Monawk would come in and out of it, like that, blacking out, then suddenly wake and start moaning and groaning and sometimes even screaming, bellowing like a big wounded animal. He was too weakened, too pain-racked, to help shoot or even reload. His legs were shot up real bad, way beyond anything we could do for him with the combat dressings in our first-aid pouches.

“That’s all she wrote for the BAR,” Barney said, lowering the big weapon.

“Watkins carries an extra fifty rounds on his belt,” I said. “Want me to crawl over and get it for you?”
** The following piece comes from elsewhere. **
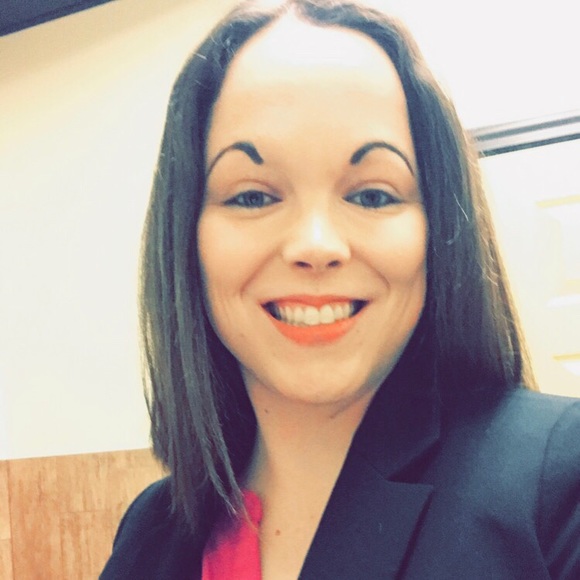 Profile Picture of Ashley Birchler (@ashleybirchler) on Poshmark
Barney shook his head. “I’ll go. You’re weak with malaria; you wouldn’t be on your feet if you weren’t leanin’ on that log.”

I didn’t argue with him; he had a point-you could’ve fried an egg on my forehead. You could’ve fried a powdered egg on my forehead.

Barney continued: “Anyway, I want to stay over there awhile, and lay down some fire-let’s make the Jap bastards believe they got a whole crowd of healthy Marines on their hands.”

“Why not. Get Fremont’s extra rifle ammo, too, while you’re at it. I’ll lay some cover down for you.”

I fired the M-1 over the log, emptying the rifle rapidly, then switching to another of the M-1s, to keep a steady barrage going while Barney crawled on his belly up and out of our hole and over to the one next door.

Then his BAR opened up, and damn near convinced me there was a whole healthy Marine platoon out here, giving the Japs hell.

I kept switching guns (rifles-this is my rifle, this is my gun, this is for Japs…) with the help of D’Angelo, who was groggy but awake, barely, and able to keep reloading for me. Even rotating six rifles, their barrels got so hot I was afraid they’d warp; the palm of my left hand was scorched black.

At some point, Christ knows when exactly, two soldiers-two young-looking, scared-shitless Army boys-came out of nowhere, crawling on their bellies and dropping into the hole. They were both wounded in the legs, and one in his side as well; they were sobbing with pain. They didn’t have their rifles.

“Who the fuck are you?” I said, with all due sympathy, switching rifles again.